Namun sikap agamis dari para muda pada hakikatnya,salah satu keinginan alami untuk mengetahui arti dan
pentingnya praktek-praktek ibadah adalah karena agama dapat membimbingnya dalam kehidupan di dunia.[1]
Inti beragama adalah masalah
sikap didalam Islam, sikap beragama itu intinya adalah iman. Jadi,
yang dimaksud beragama pada intinya ialah beriman, (dalam pembahasan mendalam,
ditemukan bahwa iman itu adalah keseluruhan Islam tersebut). Jika kita
membicarakan bagaimana cara mengajarkan agama Islam, maka inti pembicaraan
kita adalah bagaiman cara mengajarkan agama Islam, maka inti pembicaraan
kita adalah bagaimana menjadikan anak didik kita orang yang beriman. [2]
Untuk menanamkan iman,
usaha-usaha inilah yang besar pengaruhnya.[3] Dengan adanya
penciptaan suasana religius dapat menciptakan ketenangan, kedamaian,
meningkatkan persaudaraan serta silaturrahim di antara pimpinan, karyawan, para
guru dan para siswa, maka penciptaan suasana keagamaan di madrasah ini dimulai
dengan mengadakan berbagai kegiatan keagamaan yang pelaksanaannya ditempatkan
dilingkungan madrasah. Hal ini ditandai dengan semakin bertambahnya jenis dan bentuk kegiatan keagamaan serta
meningkatnya dukungan dari para siswa dan orang tua siswa.
Dengan demikian
suasana keagamaan adalah keadaan yang terjadi disuatu lingkungan yang dibangun
dari orang-orang yang hidup patuh dalam menjalankan ajaran agamanya baik dari
segi akidah, ibadah dan akhlaknya yang mencerminkan kehidupanya. Mulai dari
cara berpakaian, etika dalam pergaulan, tata krama berkata sampai pada tempat
tinggalnya sendiri seluruhnya tergambar orang-orang yang tekun dalam
menjalankan ajaran agamanya.
Suasana keagamaan
dan praktek-praktek keagamaan dilaksanakan secara terprogram dan rutin
(istiqomah) di madrasah, seperti menciptakan pembiasaan berbuat baik dan benar
menurut ajaran agama dan menggunakan sarana sebagai tempat pelaksanaan kegiatan
keagamaan secara terprogram. Dalam hal ini guru tidak hanya menyajikan
informasi tentang nilai keagamaan yang baik dan yang buruk, juga terlibat untuk
melaksanakan dan memberikan contoh amalan yang nyata dan siswa diminta memberikan
respon yang sama, yakni menerima dan mengamalkan nilai keagamaan tersebut.

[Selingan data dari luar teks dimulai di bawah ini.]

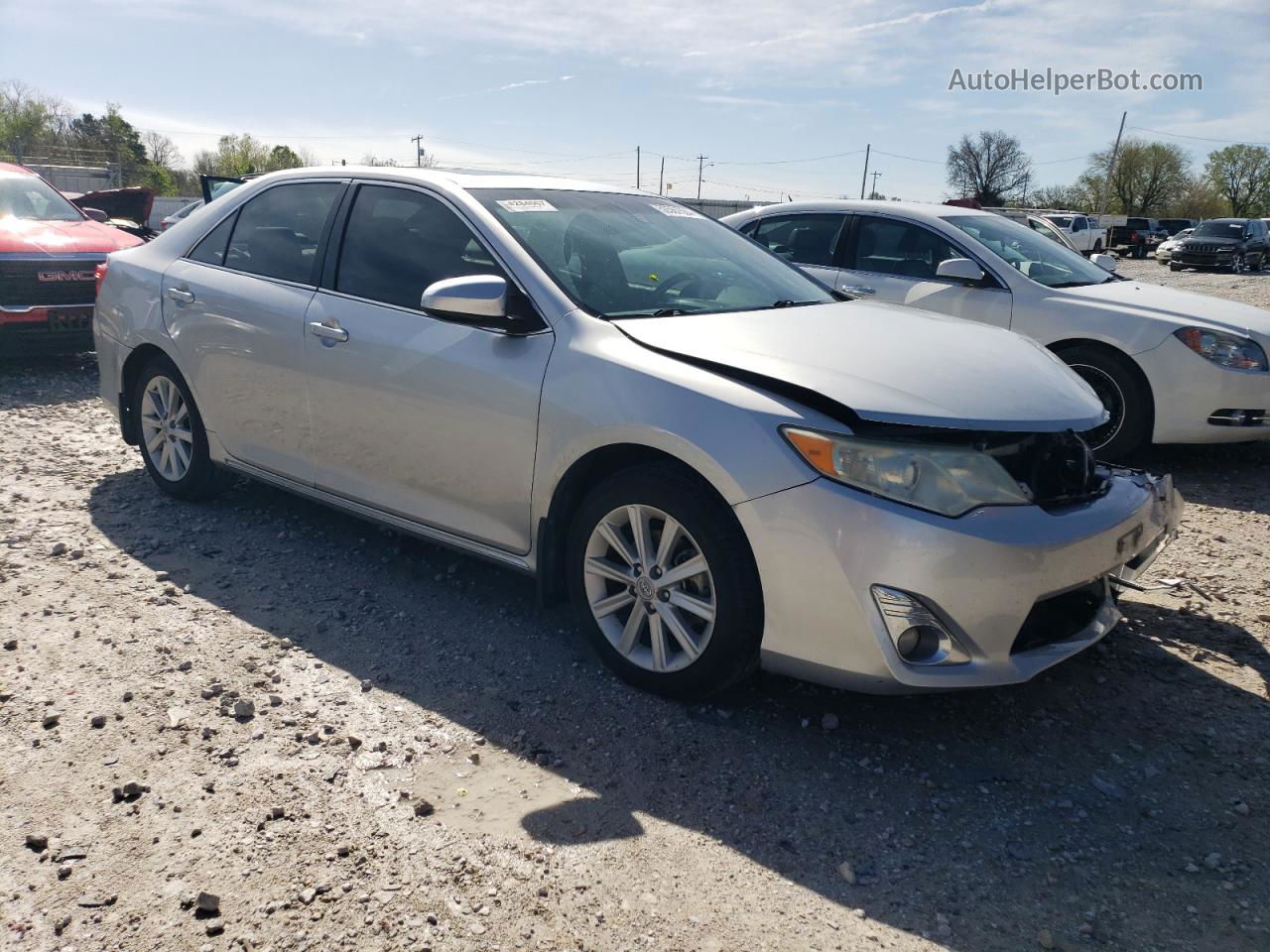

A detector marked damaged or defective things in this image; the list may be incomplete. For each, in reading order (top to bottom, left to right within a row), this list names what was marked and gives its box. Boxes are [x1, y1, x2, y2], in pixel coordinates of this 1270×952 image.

exposed bumper structure [1137, 334, 1270, 444]
crumpled front end [736, 459, 1178, 695]
exposed bumper structure [736, 467, 1178, 695]
damaged front bumper [736, 467, 1178, 695]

Kegiatan-kegiatan keagamaan dilaksanakan secara baik melalui kerjasama dan
keterlibatan secara langsung antara guru agama dan guru bidang studi lainnya
dengan menjadi tutor dan pembina pada kegiatan-kegiatan keagamaan.
Secara normatif, Basmar
mengatakan bahwa salah satu upaya penanggulangan kenakalan remaja yang cukup efektif adalah dengan jalan menanamkan pendidikan agama
dalam jiwa anak didik kita. Hal demikian dikarenakan pendidikan agama
menurut Zakiyah Drajat, bukanlah sekedar memberikan pelajaran agama
secara teratur dan sengaja oleh guru disekolah.[4] Lebih jauh dari
itu menurutnya adalah penanaman jiwa agama yang dimulai dari pendidikan
keluarga sejak kecil, dengan jalan membiasakan anak untuk berbuat baik.

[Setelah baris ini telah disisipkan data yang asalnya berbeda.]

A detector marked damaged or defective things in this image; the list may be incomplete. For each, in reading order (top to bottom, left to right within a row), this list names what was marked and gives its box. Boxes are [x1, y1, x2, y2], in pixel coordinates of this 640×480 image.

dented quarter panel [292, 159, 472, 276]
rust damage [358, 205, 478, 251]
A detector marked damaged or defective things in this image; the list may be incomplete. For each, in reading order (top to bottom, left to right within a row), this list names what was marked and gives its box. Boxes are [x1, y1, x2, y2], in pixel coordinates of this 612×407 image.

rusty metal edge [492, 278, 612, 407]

2. Model-model Penciptaan Suasana keagamaan di Madrasah
Model adalah sesuatu yang dianggap
benar, tetapi bersifat kondisional. Karena itu, model penciptaan suasana keagamaan sangat
dipengaruhi oleh situasi dan kondisi tempat model itu akan diterapkan beserta
penerapan nilai-nilai yang mendasarinya. Ada beberapa macam model-model
penciptaan suasana keagamaan, antara lain: (1). Model Struktural, yaitu penciptaan suasana keagamaan yang disemangati
oleh adanya peraturan-peraturan, pembangunan kesan, baik dari dunia luar atas
kepemimpinan atau kebijakan suatu
lembaga pendidikan atau suatu organisasi. Model ini bersifat “top-down” yakni
kegiatan dibuat atas prakarsa atau intruksi dari pejabat/pimpinan atasan. (2).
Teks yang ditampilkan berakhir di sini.